County chasing stimulus dollars
Published: Thursday, January 8, 2009 at 6:01 a.m.
Last Modified: Wednesday, January 7, 2009 at 11:02 p.m.
A long list of roads, buildings, boardwalks and other facilities totaling $436 million will be sent to Washington by Alachua County commissioners, who hope to cash in on the economic stimulus package that will be coming after President-elect Barack Obama takes office.
First on the list is a request for $99.4 million to build an extension of SW 62nd Boulevard to provide a travel alternative in the busy area between the Oaks Mall and Butler Plaza.

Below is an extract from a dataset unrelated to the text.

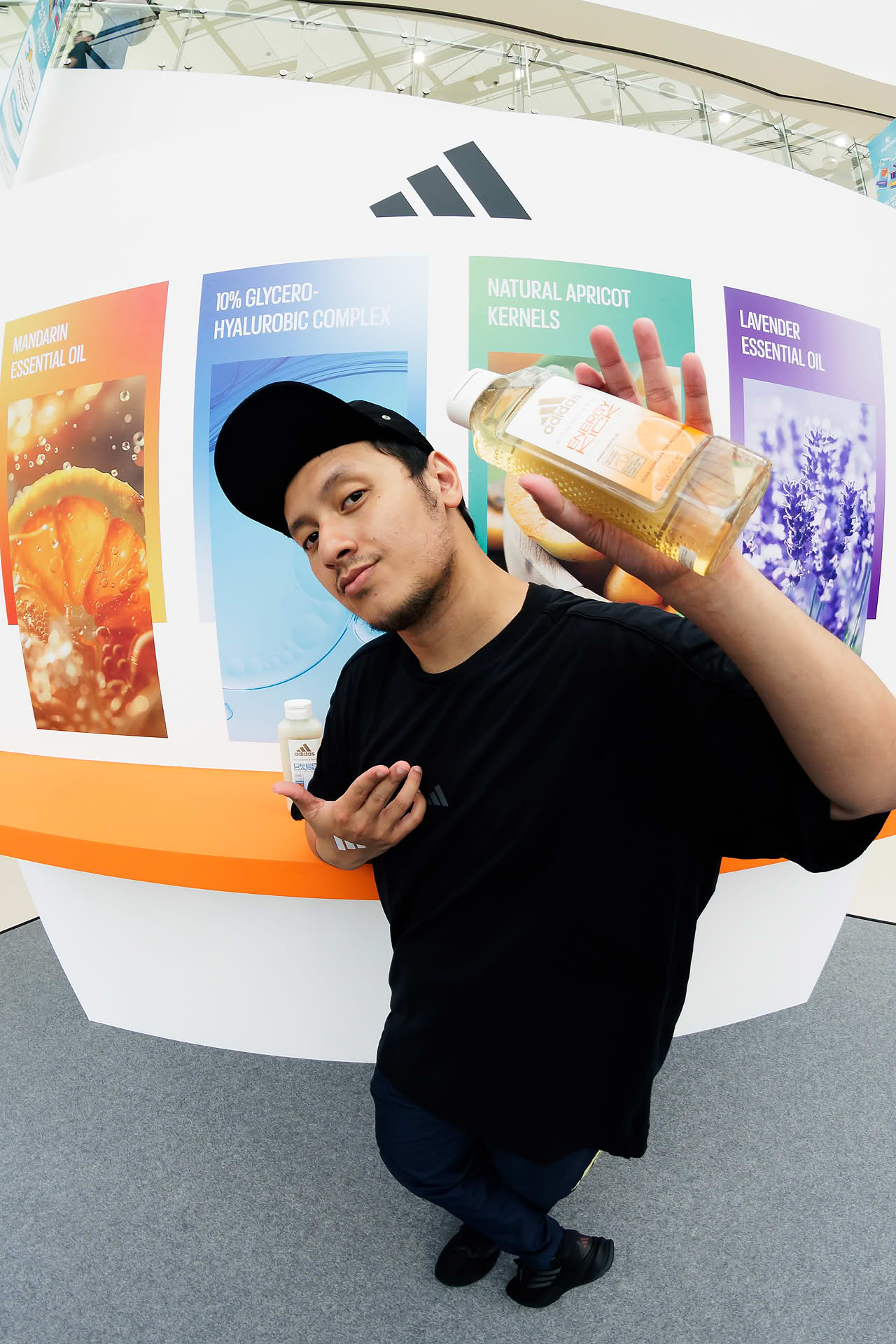 Dance instructer posing with product at Adidas Pop-up stall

"These are basically things we've already had planned," County Manager Randall Reid said. "We want to take advantage of the economic stimulus. It's potentially going to be over $1 trillion. The general theory is that they want projects that are relatively ready to go."

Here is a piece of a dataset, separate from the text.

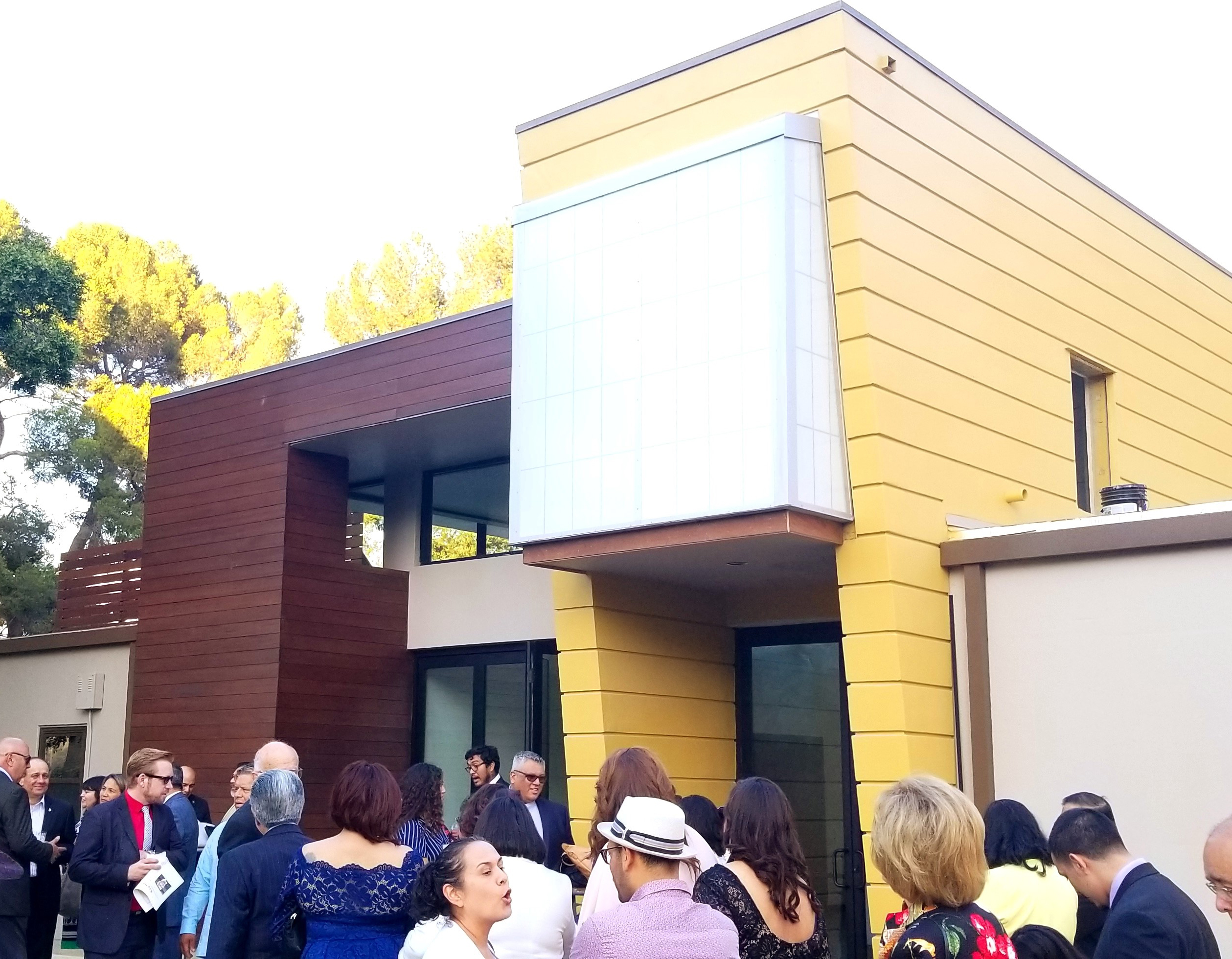 a group of people outside a building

Obama and congressional Democrats plan to try to pass an economic stimulus package quickly after he takes office on Jan. 20. The focus is expected to be on public works projects such as roads and bridges, and on green energy projects such as expansion of solar and wind technologies.
Obama said the stimulus package will have no pork projects and that the process for selecting the projects for funding will be open and transparent.
U.S. Rep. Corrine Brown, D-Jacksonville, whose district includes part of Alachua County, is on the House Committee on Transportation and Infrastructure.
Brown said Wednesday that Alachua County will get money. She said she will want local officials to come to Washington to testify about their projects as part of the transparency effort.
"We are going to set up a system. Today I asked the Democratic caucus that we have hearings to bring people up to vet the projects. We want to expedite the process, but we also need transparency so that everybody will know. Each committee should do that," Brown said. "It's going to take time, but we want a finished product that we can all be proud of. Alachua County will be part of the equation."
Of the total $436 million in projects that commissioners are seeking, $213 million would be for road projects. Among them are the resurfacing of sections of several county roads, SW 122nd Street, Main Street, Wacahoota Road and Lakeshore Drive.
Another $128 million would be for economic development projects, such as the creation of a new fairgrounds and the redevelopment of the existing fairgrounds into a commerce center.
Constructing and renovating county buildings accounts for $55 million. Among them is the planned court support building that was supposed to be built with bond revenue but has been delayed because of the sinking economy. Other projects include a new energy-efficient heating and air-conditioning system at the jail and a Jonesville library.
Recreation projects total almost $31 million in the request. Many of the projects include boardwalks at area lakes, observation platforms at Alachua County Forever tracts, trailheads and similar amenities.
The county listed one green infrastructure project: an organics recycling facility with a solar roof. It would generate about $485,000 in revenue a year from the solar energy.
Brent Christensen, president of the Gainesville Area Chamber of Commerce, said some local business owners believe the economic stimulus effort will help while others are skeptical.
Christensen said political leaders such as Obama and Florida Gov. Charlie Crist - who is proposing his own state stimulus package - realize that stimulating the economy will need a multifaceted approach that involves public works projects, low-interest loans to business and other tactics.
"Even President-elect Obama is seeing that you have to try a lot of things. There is not just one thing that will get the economy turned around," Christensen said. "Some of these infrastructure projects will put people back to work. Then there is the other issue that capital markets are a bit frozen, which is what Gov. Crist is looking at. Businesses need working capital to expand and make investments and keep people on their employee role."